- **Stored data**:
——

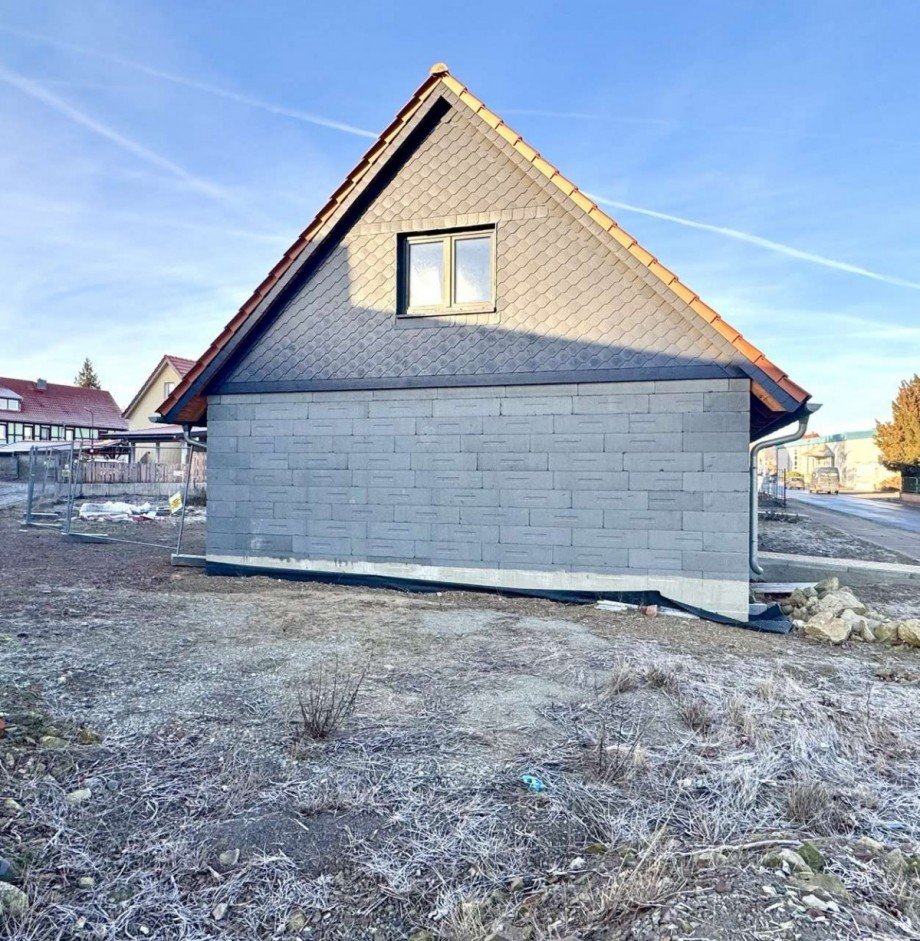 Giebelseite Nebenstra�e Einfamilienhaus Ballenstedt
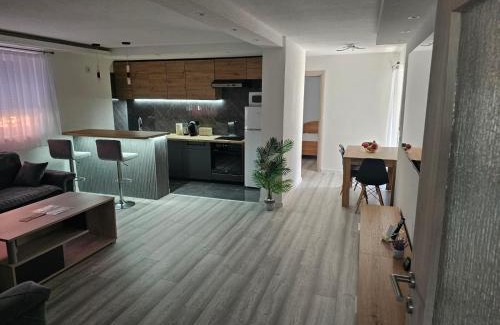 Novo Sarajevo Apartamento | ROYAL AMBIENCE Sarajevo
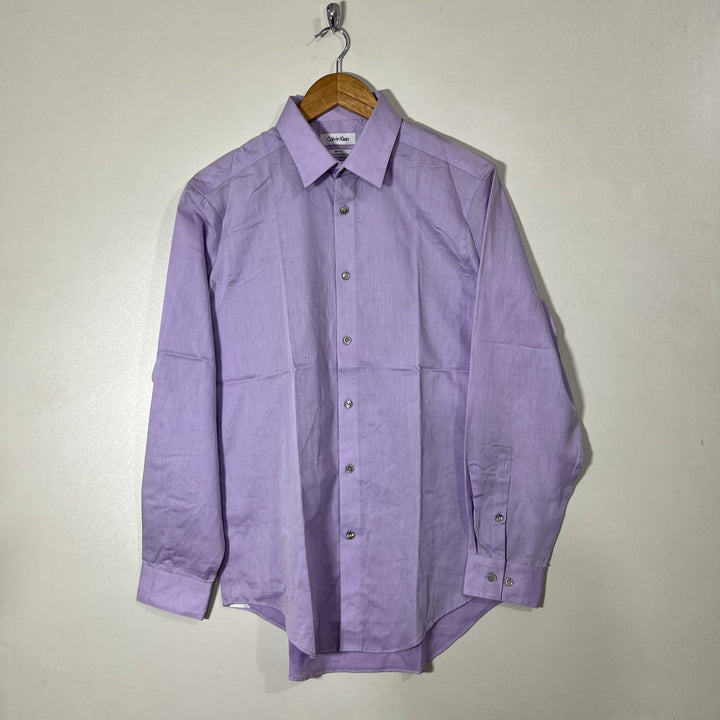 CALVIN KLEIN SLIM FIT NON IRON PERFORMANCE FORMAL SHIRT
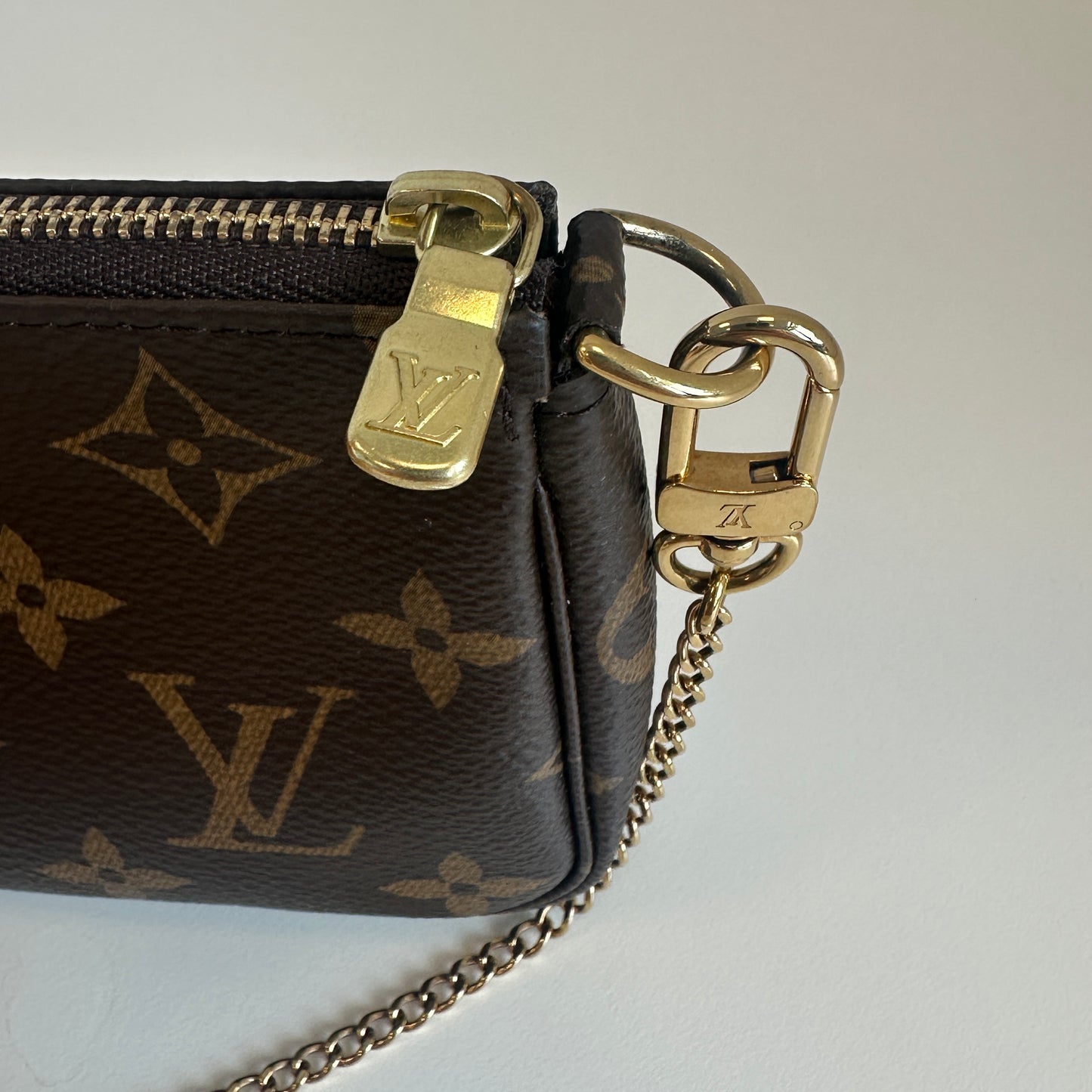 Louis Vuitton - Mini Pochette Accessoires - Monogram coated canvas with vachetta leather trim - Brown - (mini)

——

- **About this exercise**:
Word for word, reproduce all of the data, but keep out the pictures.

- **Written response**:
 Giebelseite Nebenstra�e Einfamilienhaus Ballenstedt
 Novo Sarajevo Apartamento | ROYAL AMBIENCE Sarajevo
 CALVIN KLEIN SLIM FIT NON IRON PERFORMANCE FORMAL SHIRT
 Louis Vuitton - Mini Pochette Accessoires - Monogram coated canvas with vachetta leather trim - Brown - (mini)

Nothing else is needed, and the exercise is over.